Exemplo disso, em uma das últimas sessões da terapia, realizada às sextas-feiras, a aposentada Therezinha da Costa Pinheiro, 79 anos, de Abaetetuba, foi às lágrimas ao ouvir a música “É o amor”, na gravação de Leandro e Leonardo. Internada para o tratamento de uma insuficiência cardíaca, ela viu a filha se unir à acompanhante da paciente do leito ao lado para ensaiar passos de dança.
Na enfermaria em frente, a manicure Magali Rodrigues, que acompanha o marido Adalberto Pamplona, internado para realizar um cateterismo, comemorou o início da atividade. “Achei superlegal. Quando ouvi a música tocando no outro quarto só pedia no meu pensamento ‘vem pra cá’”, confessou a amante das canções de Amado Batista e Roberto Carlos.
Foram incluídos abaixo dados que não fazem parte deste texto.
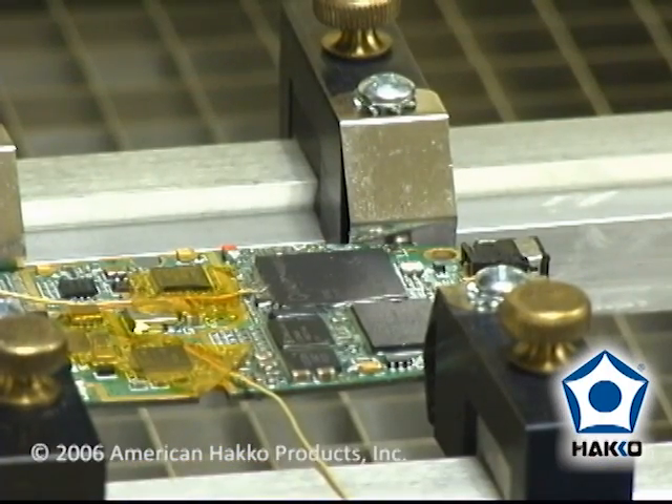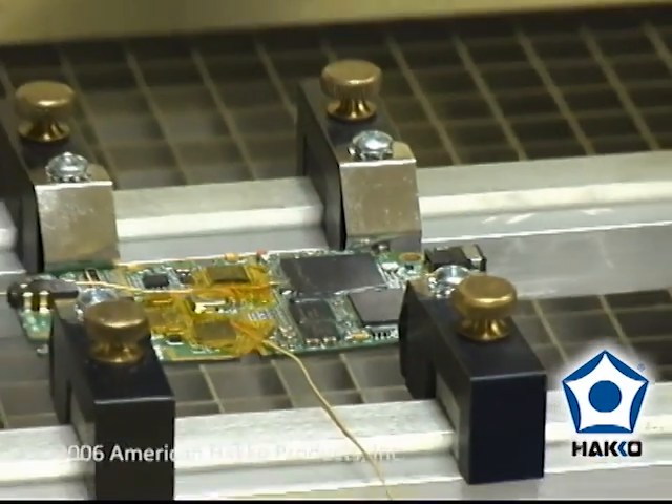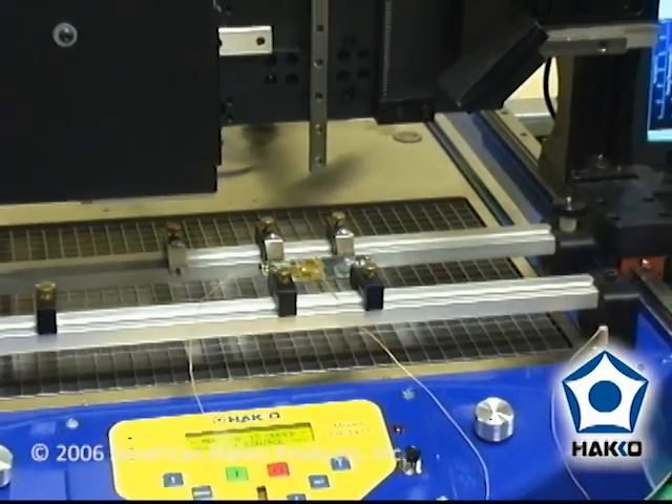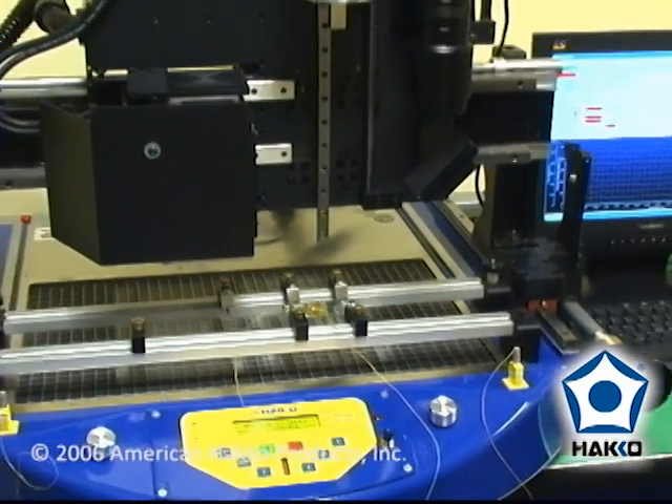The board is now mounted in the board holder, thermocouples are attached and held in place with Kapton tape, and we're about ready to start the recipe.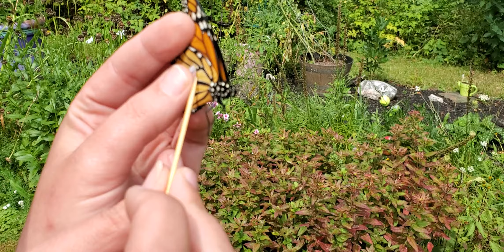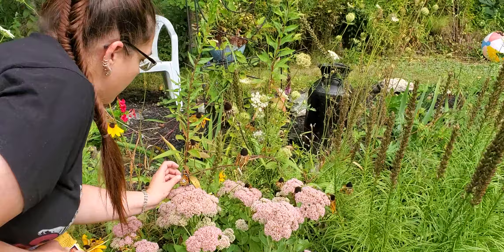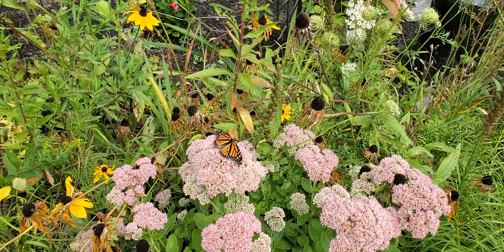The place where you put the tag is right about here, just like a little heart shape almost. Roll it on, press it, and we're good. All right little gal, you're off to Mexico! There she goes, looking all cute with her little tag.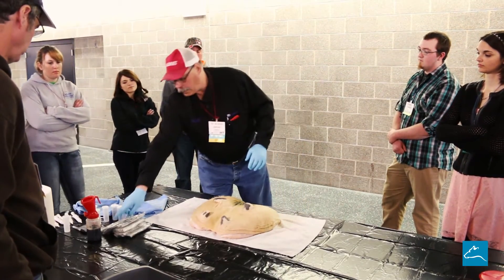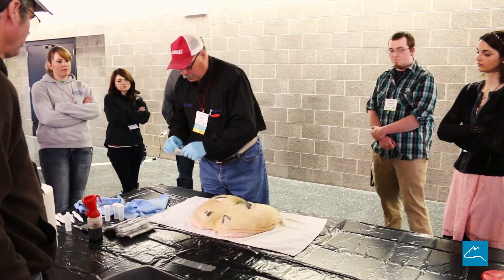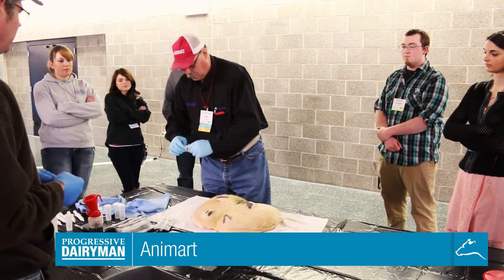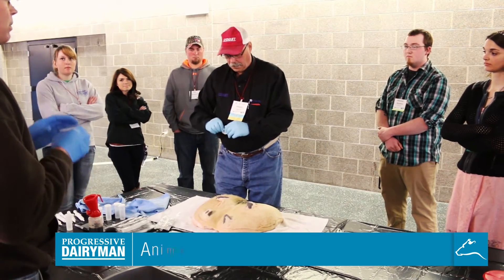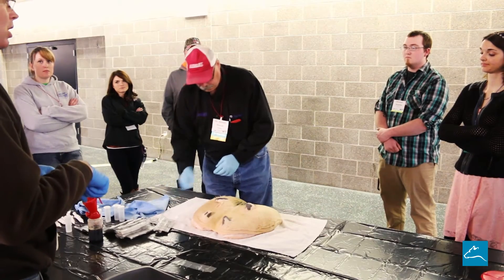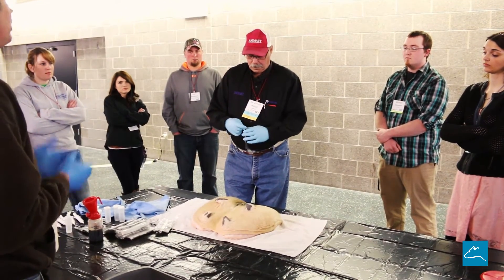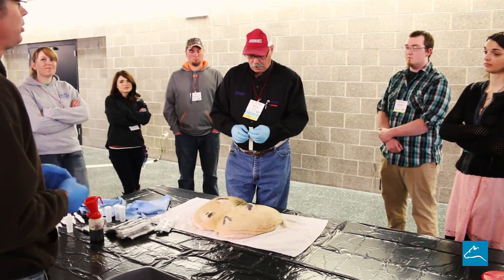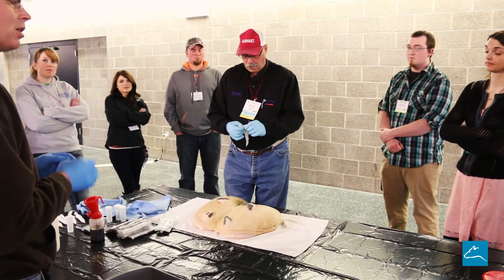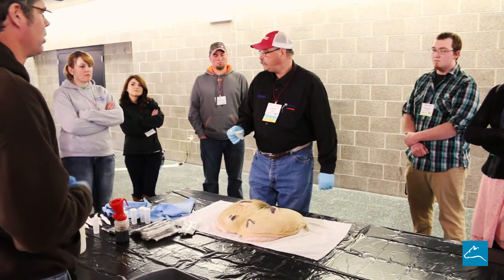We're going to go in and take an alcohol pad. These are the little squares that come in your mastitis tube or dry treatment. If you can get some 4x4s — like medical size 4x4s — put them in a Tupperware and put alcohol in those. You can get them, it's even better. You just don't want them soaking wet with alcohol; wring them out a little bit. You have a lot more surface area to scrub the teat end with those.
Com gosto musical oposto ao da companheira, Adalberto Pamplona fez questão de indicar suas preferências musicais: “sou fã de bossa-nova”, conta ele. Diferenças colocadas, em um ponto o casal foi harmônico. “As músicas nos levam para longe, para coisas boas da nossa lembrança”, declara Magali, com a total concordância do marido.
Enfrentando o adoecimento
A inclusão da música na intervenção de saúde vai além do domínio de sintomas e emoção. Ela possibilita que o paciente consiga um maior diálogo e narrativa do que ele está passando, do processo de adoecimento dele. Segundo a psicóloga Tereza Rocha, “é nesse momento que ele traz toda uma história de vida, do que ele viveu, como se sente, e isso promove um bem-estar, reduz a ansiedade, e resulta numa estratégia de enfrentamento para um possível pós adoecimento, e se vai ser um caso pontual, ou se vai ser uma doença crônica, que vai demandar uma estrutura psíquica desse paciente”, ressalta ela.